Today’s thought (actually 24 June but here you get free shipping) from reading Deborah Mayo’s book SIST.
The likelihood principle (H1 has more evidence than H2 iff P(x|H1)>P(x|H2)) allows comparisons from pre-specified hypotheses, but not inference over the whole space of possible hypotheses and explanations.
You can restrict the model and get parameter values that maximise likelihood, and that could be fine. But over the models, it gets much harder, and often , that’s what we have to do. You can maximise likelihood and get a massively over-fitted complex model.
Then, what can we do about the bias-variance tradeoff?
(1) we introduce humans doing a variety of “razor” judgements, but with cognitive biases
(2) we do cross-validation, but that needs lots of data
(3) we do penalized likelihood but that operates on restricted regions of model space
(4) we do some greedy ML algorithm like #DeepLearning, but there’s no guarantee of a global maximum
(5) we (try to) include priors for our model preferences in a #Bayesian model
There’s also (1a), where we have the humans but they are constrained to work within a pre-specified analysis plan of the sort that exceeds what is usually written for this kind of non-experimental work. That could be good, though hard work.

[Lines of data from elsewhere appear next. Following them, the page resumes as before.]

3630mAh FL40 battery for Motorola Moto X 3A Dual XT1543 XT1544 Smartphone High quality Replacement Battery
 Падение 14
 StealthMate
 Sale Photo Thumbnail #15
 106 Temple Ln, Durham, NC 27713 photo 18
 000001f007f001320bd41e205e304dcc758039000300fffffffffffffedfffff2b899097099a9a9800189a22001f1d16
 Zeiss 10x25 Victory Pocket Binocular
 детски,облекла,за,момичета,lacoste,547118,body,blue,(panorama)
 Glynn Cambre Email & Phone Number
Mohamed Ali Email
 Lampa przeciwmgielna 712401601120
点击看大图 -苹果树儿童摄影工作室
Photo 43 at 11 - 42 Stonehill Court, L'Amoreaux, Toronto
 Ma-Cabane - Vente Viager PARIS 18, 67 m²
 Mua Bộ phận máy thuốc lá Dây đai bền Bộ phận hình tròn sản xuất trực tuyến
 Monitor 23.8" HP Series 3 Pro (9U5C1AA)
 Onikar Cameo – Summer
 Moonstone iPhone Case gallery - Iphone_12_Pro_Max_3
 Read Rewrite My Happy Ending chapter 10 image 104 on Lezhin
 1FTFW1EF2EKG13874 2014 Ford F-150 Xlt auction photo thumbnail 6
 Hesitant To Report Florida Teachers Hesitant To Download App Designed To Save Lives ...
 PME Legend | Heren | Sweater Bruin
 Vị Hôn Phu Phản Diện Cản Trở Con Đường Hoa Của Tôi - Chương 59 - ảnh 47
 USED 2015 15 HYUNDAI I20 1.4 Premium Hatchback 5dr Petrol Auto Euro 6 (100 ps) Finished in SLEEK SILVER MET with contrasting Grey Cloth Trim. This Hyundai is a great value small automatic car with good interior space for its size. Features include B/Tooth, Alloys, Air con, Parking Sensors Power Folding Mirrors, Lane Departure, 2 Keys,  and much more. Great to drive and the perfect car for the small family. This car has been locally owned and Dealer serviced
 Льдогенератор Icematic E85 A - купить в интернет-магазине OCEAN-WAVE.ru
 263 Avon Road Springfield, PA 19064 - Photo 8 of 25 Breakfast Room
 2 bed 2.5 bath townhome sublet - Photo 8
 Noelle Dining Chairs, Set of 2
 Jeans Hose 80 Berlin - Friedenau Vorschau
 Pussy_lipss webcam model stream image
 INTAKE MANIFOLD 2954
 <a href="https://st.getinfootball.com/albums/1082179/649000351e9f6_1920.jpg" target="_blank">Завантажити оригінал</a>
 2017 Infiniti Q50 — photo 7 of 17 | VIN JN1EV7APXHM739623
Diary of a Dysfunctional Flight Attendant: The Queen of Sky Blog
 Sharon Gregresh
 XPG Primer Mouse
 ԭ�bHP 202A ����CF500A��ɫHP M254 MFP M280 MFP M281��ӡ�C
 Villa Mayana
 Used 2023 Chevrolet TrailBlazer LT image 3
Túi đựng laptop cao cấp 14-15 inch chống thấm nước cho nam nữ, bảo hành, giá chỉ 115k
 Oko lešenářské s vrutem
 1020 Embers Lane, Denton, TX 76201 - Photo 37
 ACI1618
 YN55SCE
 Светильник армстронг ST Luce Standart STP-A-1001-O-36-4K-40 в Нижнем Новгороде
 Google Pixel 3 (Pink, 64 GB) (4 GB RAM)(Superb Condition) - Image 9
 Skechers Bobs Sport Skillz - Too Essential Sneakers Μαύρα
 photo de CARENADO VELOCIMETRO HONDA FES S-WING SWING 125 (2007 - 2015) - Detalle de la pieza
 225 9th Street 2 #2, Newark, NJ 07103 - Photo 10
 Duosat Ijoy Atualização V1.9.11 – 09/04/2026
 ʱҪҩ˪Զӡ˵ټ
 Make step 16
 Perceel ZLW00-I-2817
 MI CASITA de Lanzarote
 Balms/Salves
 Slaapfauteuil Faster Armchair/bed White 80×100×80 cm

I like (5) (who’da seen that coming?) and I haven’t thought about this in a systematic way before. Thanks Prof Mayo! I don’t often get new insights in data analysis nowadays.
Regularizing priors encode our preferences for parsimony. Gaussian process priors can encode our preference for smoothness. What else is out there? Please let me know if there are related concepts for expressing preferences in model space via priors or Bayesian algorithms.
I’d also like to note the link to Peter Lipton‘s suggestion of Bayesian priors for loveliness of explanation, which is not a developed idea and might never be, but aims at the same goal as this.